Discussion Speculation: Zen 4 (EPYC 4 "Genoa", Ryzen 7000, etc.)

[Vattila]

Except for the details about the improvements in the microarchitecture, we now know pretty well what to expect with Zen 3.

The leaked presentation by AMD Senior Manager Martin Hilgeman shows that EPYC 3 "Milan" will, as promised and expected, reuse the current platform (SP3), and the system architecture and packaging looks to be the same, with the same 9-die chiplet design and the same maximum core and thread-count (no SMT-4, contrary to rumour). The biggest change revealed so far is the enlargement of the compute complex from 4 cores to 8 cores, all sharing a larger L3 cache ("32+ MB", likely to double to 64 MB, I think).

Hilgeman's slides did also show that EPYC 4 "Genoa" is in the definition phase (or was at the time of the presentation in September, at least), and will come with a new platform (SP5), with new memory support (likely DDR5).

What else do you think we will see with Zen 4? PCI-Express 5 support? Increased core-count? 4-way SMT? New packaging (interposer, 2.5D, 3D)? Integrated memory on package (HBM)?

Vote in the poll and share your thoughts!

 

[LightningZ71]

It is not a straight answer, there are pros and cons of increasing cache
For applications that have huge datasets it is a big plus but not for all.
Therefore V Cache is the best solution, stacking additional dies only on the specific SKUs.
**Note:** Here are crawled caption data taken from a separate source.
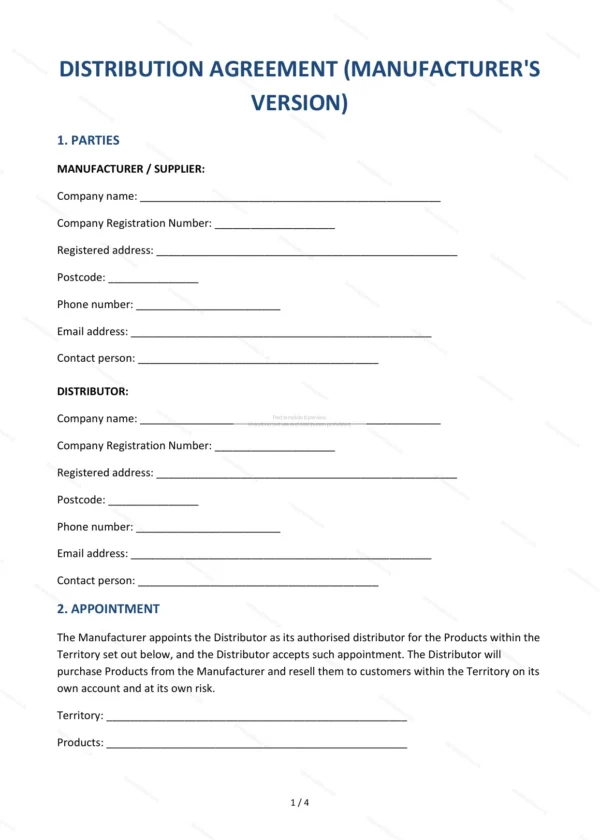 Distribution Agreement (Manufacturer) — Word & PDF Template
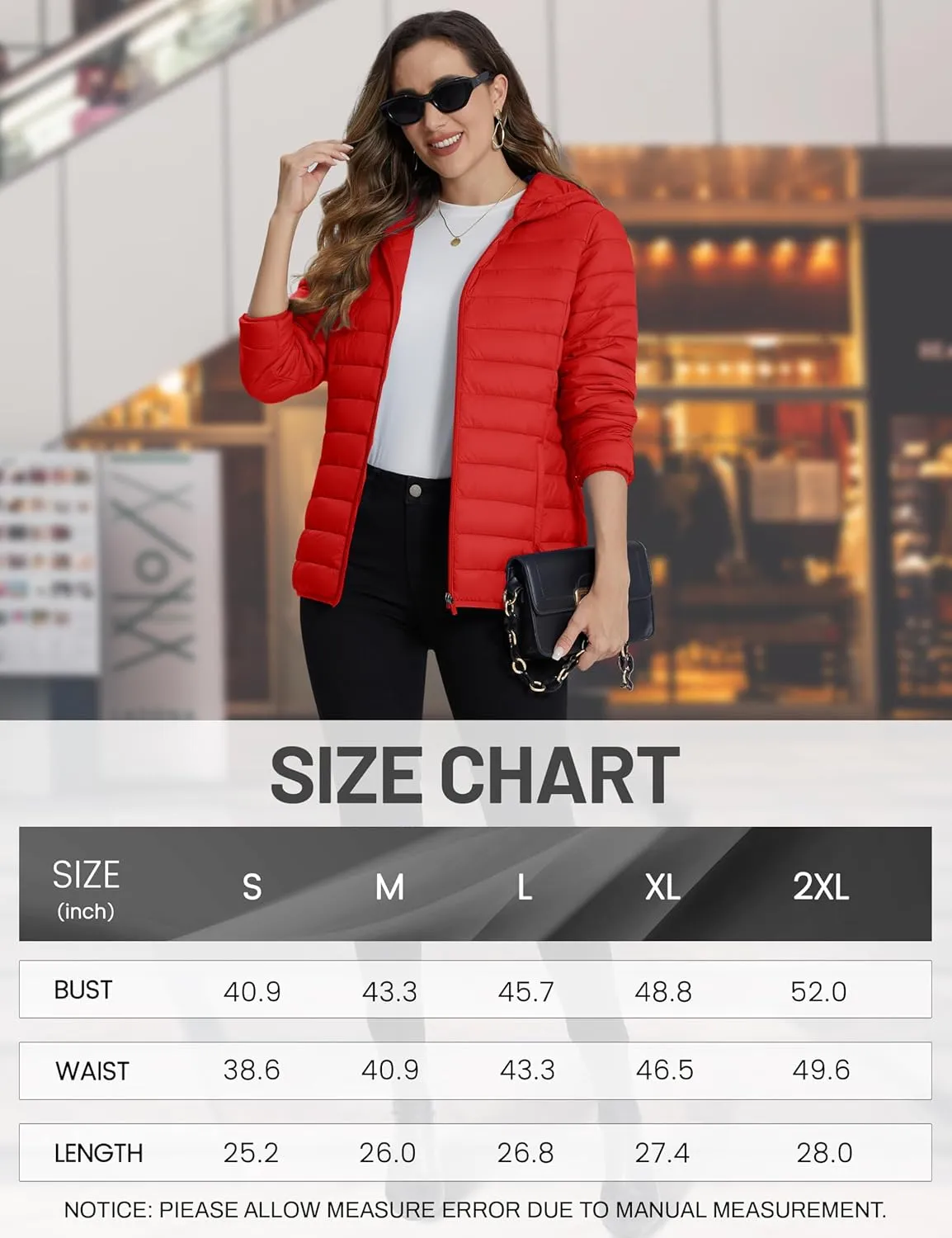 TACVASEN Women's Lightweight Puffer Jacket with Hood Pockets Quilted Padded Full-zip Winter Coat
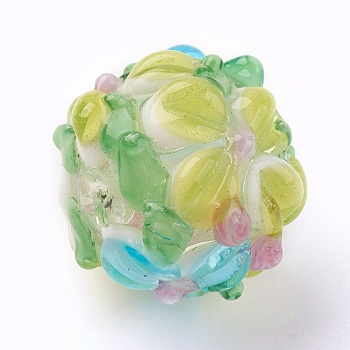 Handmade Lampwork Beads, Rondelle with Flower, Bumpy, Colorful, 14~15x12~13mm, Hole: 1.5~1.8mm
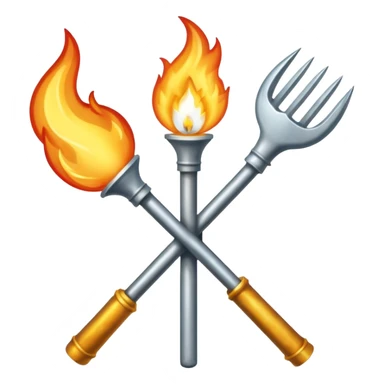 a three pronged pitchfork and a torch crossing each other to make an x sticker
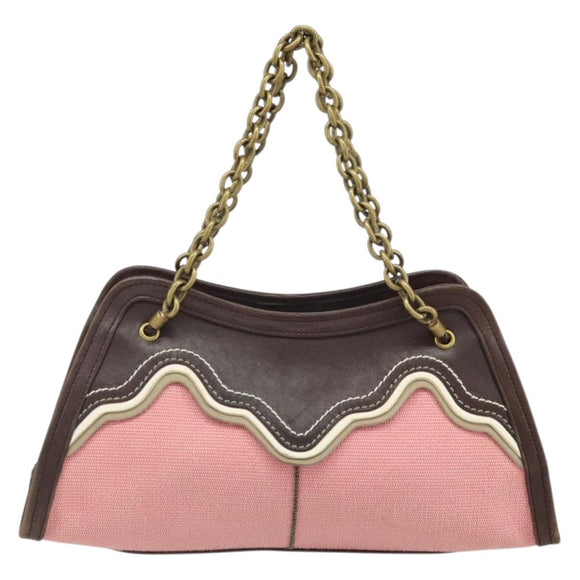 BOTTEGA VENETA Kettenhandtasche Canvas Outlet Rosa Gold 169980 Auth 169795V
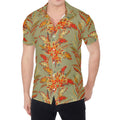 Vintage Orange Bohemian Floral Print Men's Shirt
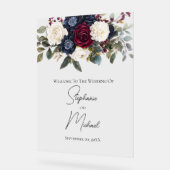Burgundy Navy Blauer Flora Elegante Hochzeit Acrylschild (Winkel)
Good writeup here on why increased cache at the cost of latency is not good for most use cases

Do IBM’s Giant L3 and V-Cache Represent the Future?

IBM showed off a giant 256 MB L3 during its Telum presentation at Hot Chips 2021, and ignited discussion about whether that represents the future of caches. That’s not the first time we&#8217…

chipsandcheese.com

L3 design is also a tradeoff, you can make L3 faster but the cost is density and power.
There are so many dials and levers at play.

This seems to blow past one of the key features of using die stacking. You can (and AMD has specifically stated they are) use a variant of a given process that is FAR more ideal for L3 cache when you use die stacking for L3. When you put a large L3 on a die with the CPU core, you have to balance the process between achieving the desired density in the L3 and the desired performance of the CPU core transistors. If AMD decides to, for example, swing the process for the CPU die over to one that favors the core + L2 over the L3 density, and reduces the L3 space on the CPU die to half or eve nothing, they can achieve far higher transistor density and better performance for that part, while reaping the benefits of a more L3 cache friendly process on the stacked cache die. You can hide the latency hit for the L3 by expanding the L2, which we know that AMD is doing with Zen4.

 

[moinmoin]

AMD went with the CCD strategy in the beginning to scale out # of cores where applicable, to use commodity dice between desktop; workstation; and server, and to improve yields. If AMD can get good yields on16c parts and below on N5 then they could just go monolithic on their entire desktop and laptop lineup. The I/O die would be exclusive to EPYC and Threadripper of that generation. Not saying that's what they'll do, since it would violate the pattern from Zen -> Zen3 and force them to produce multiple monolithic dice for desktop/laptop (more masks = more time, more money). They would need an 8c monolithic and a 16c monolithic at least, and then fuse off cores for 12c and 6c parts.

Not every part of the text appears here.